For fans, It all begins with the mask; you are not allowed to enter the stadium, regardless if you have been vaccinated or not, without one. Not only are there checks at the gate, but throughout the game. Some attendants go through each section to remind people to put their masks on correctly if they have pulled them down or off during the game– unless you are currently taking a sip of beer or shoving a kibi down your gullet, you are expected to be wearing a mask.
The next protocol is the gate itself; if you haven’t been to a game, or follow the Leones on social media, then you haven’t noticed the huge blow-up walkways that spray a sanitizer mist over everyone that enters. After the gate, you are greeted by a familiar scene here in Merida– an attendant with a temperature gun and your first sanitizer dispenser– which are also spread throughout the stadium.
Just because the stadium is taking these precautions doesn’t mean that individuals should not also take responsibility. We bring sanitizing wipes and spray to wipe down our drinks and food packages. It is also encouraged by the stadium that fans bring their own drink containers for the concession attendants to pour the cokes, beer, Fanta into.
How COVID has affected the players
I’ll get more into Arts personal struggles during the canceled 2020 season in a future article on the prolific first baseman– let’s say that playing baseball year-round since college does not make a guy adapt well to a year without– but let’s focus on how COVID protocols have changed the league in 2021.
Before we begin, it’s important to understand how the teams in Mexico generate revenue; 90% of a team’s revenue comes from ticket sales and direct sponsorships. The league and teams have failed to adapt to the current tech landscape of streaming or merchandise sales.
This failure to adapt has seen teams’ revinues drop drastically in 2021 after a canceled 2020 season and having the stadium capacity capped at 40% this season. This drop has made teams cut player salaries in some instances as much as 50%!
Not only have players seen their salaries drop, but league-wide COVID protocols have kept them in a state of near lockdown since the beginning of the season. In Merida, we have had bars, restaurants, and other businesses open to some capacity for a while now– but players can face fines if they are caught breaking COVID protocols meaning that if they are found in a setting that’s not following protocols exactly, or pictured without a mask, etc. they run the risk of being fined or even a suspension.
This not only goes for individuals wanting to unwind after a game ( which is also difficult in Merida, who has reinstituted an 11:30 PM curfew) but also limits team gatherings.

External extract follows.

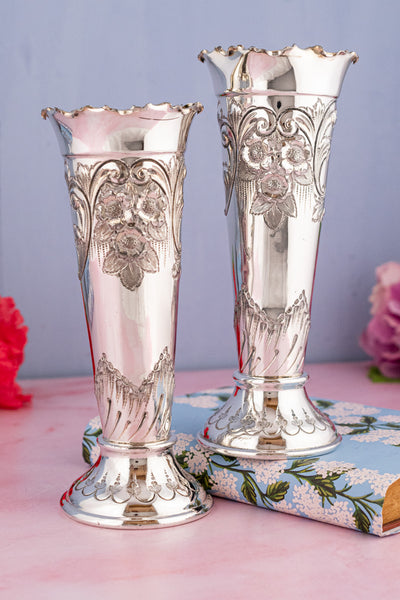 English Silverplate Vase Pair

The only time the players can come together as a team is during pre-game warm-ups.
Inconsistant play, or border deprssion?
This season I have talked about the inconsistent play, hitting for home runs, etc. But my conversation with Art made me think ¨how would I react to living like I was still in lockdown?¨ personally I think I would go crazy– the few months where everything was closed, no sports being on, if it wasnt for my new son and wife telling me I needed to take a shower or clean– I would have fell into a deep depresion.

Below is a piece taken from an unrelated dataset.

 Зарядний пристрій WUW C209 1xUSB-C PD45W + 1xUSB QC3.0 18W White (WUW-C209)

I can not imagine what it’s like for a player who has played baseball professionally for a decade, and then suddenly there are no games for a year, and when you come back, you will be on lockdown for a whole season as the world around you returns to normal.
Not to mention that there is no escape from the game for players; they can’t go to a bar for a post-game beer to unwind after a terrible loss or poor performance– they are stuck in their hotel room until the next game going over and over what they could have done differently until they are allowed to rejoin their teammates at the next day’s warm-ups.
My only remaining question is how teams win at all?